Financial Times: IMF backs ECB in dispute with banks


European banks should carry out “deep rooted reforms” to reduce risks to financial stability rather than focus on problems caused by negative and low interest rates, the International Monetary Fund said.

The IMF’s argument largely aligns the fund with the European Central Bank in its acrimonious dispute with some of the eurozone’s biggest banks over whether the ECB or lenders themselves are blame for sector woes, including low profits and weak asset prices.

In its setpiece Global Financial Stability Report, the IMF said that while the ECB’s monetary policy — notably negative interest rates — posed threats to the sector’s health, the main cause of the region’s banks’ problems lay elsewhere.

Peter Dattels, deputy director of the monetary and capital department of the fund, said: “There are simply too many branches with too few deposits and too many banks with funding costs way above their peers.”

He highlighted problems facing Deutsche Bank, which has been under heavy pressure from investors, arguing that it needed “to continue to adjust to convince investors that its business model is viable going forward.”

The report added that European lenders also needed to make more progress in ridding their balance sheets of non-performing loans.
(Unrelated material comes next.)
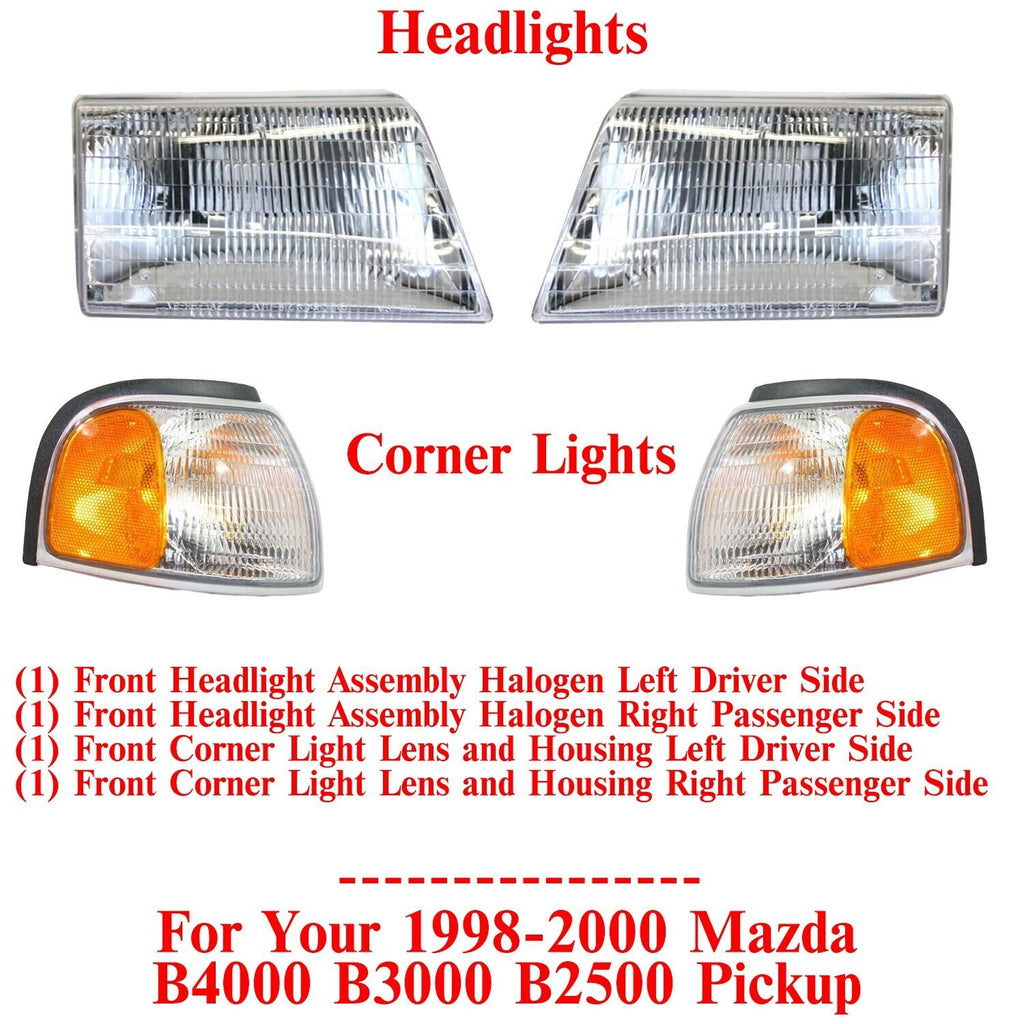 Headlights Assembly + Corner Lights For 1998-2000 Mazda B4000 B3000 B2500 Pickup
By contrast, many bankers have emphasised the impact of the ECB’s ultra-loose monetary policy. [...]

European lenders have absorbed almost all of the cost of negative rates, generally opting not to pass it on to any except their largest customers.

But the fund’s report claimed that banks in Europe would remain vulnerable even if rates rise and economic conditions improve.

It acknowledged that “a protracted period of low and negative policy rates and flat yield [curves, which reduce the difference between long and short-term borrowing rates, so hitting banks’ financial model] could undermine financial resilience in the medium term”. But it added that a 50 basis point rise in interest rates and stronger growth would still not be enough to return European banks to full financial health.

A cyclical recovery would raise profitability by 40 per cent but 30 per cent of Europe’s banking assets, worth $8.5tn, would remain unable to generate profits.

The fund’s call for banks to lower costs by shutting branches and merging also echoes Mario Draghi, ECB president, who argues that the region is overbanked.

Andrea Enria, the chairman of the European Banking Authority, the EU’s regulator of regulators, also criticised banks on Wednesday for being too quick to blame their wores on low interest rates.

“Many [of the banks] are still delaying the adjustment [to their business models”, he said.

The IMF report said that closing a third of branches would save banks $18bn, or just over 4 per cent of lenders’ costs. If eurozone banks had the same proportion of branches as their counterparts in Nordic countries, cost savings would rise to $38bn, or more than 8 per cent of costs. [...]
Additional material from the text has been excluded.